• **Exercise directions**
Using the material that follows, identify and copy each line with the string "Where".

• **Records shown**

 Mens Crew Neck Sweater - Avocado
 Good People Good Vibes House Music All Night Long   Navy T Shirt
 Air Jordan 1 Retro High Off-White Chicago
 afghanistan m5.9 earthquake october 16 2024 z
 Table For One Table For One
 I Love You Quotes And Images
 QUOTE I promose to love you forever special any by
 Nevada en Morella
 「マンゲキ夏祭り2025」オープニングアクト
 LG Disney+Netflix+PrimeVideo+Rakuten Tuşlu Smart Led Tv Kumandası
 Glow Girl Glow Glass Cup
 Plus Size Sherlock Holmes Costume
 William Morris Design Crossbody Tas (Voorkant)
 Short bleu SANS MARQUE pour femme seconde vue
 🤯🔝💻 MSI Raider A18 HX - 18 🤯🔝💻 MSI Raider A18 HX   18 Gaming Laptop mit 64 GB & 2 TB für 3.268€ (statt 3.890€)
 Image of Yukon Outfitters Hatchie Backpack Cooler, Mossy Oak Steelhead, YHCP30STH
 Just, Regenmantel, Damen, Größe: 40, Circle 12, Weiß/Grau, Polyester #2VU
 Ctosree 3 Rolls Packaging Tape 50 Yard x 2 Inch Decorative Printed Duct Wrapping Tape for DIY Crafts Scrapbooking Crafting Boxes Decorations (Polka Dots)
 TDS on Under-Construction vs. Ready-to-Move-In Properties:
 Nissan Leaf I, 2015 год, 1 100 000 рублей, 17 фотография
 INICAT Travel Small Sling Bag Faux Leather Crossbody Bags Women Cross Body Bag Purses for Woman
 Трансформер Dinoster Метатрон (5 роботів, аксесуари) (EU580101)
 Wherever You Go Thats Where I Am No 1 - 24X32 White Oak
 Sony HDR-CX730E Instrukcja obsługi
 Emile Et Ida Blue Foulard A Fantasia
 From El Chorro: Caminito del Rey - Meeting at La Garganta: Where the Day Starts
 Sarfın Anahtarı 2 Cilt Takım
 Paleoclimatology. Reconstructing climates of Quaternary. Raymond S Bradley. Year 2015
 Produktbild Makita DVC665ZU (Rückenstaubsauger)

• **Exercise answer**
 Wherever You Go Thats Where I Am No 1 - 24X32 White Oak
 From El Chorro: Caminito del Rey - Meeting at La Garganta: Where the Day Starts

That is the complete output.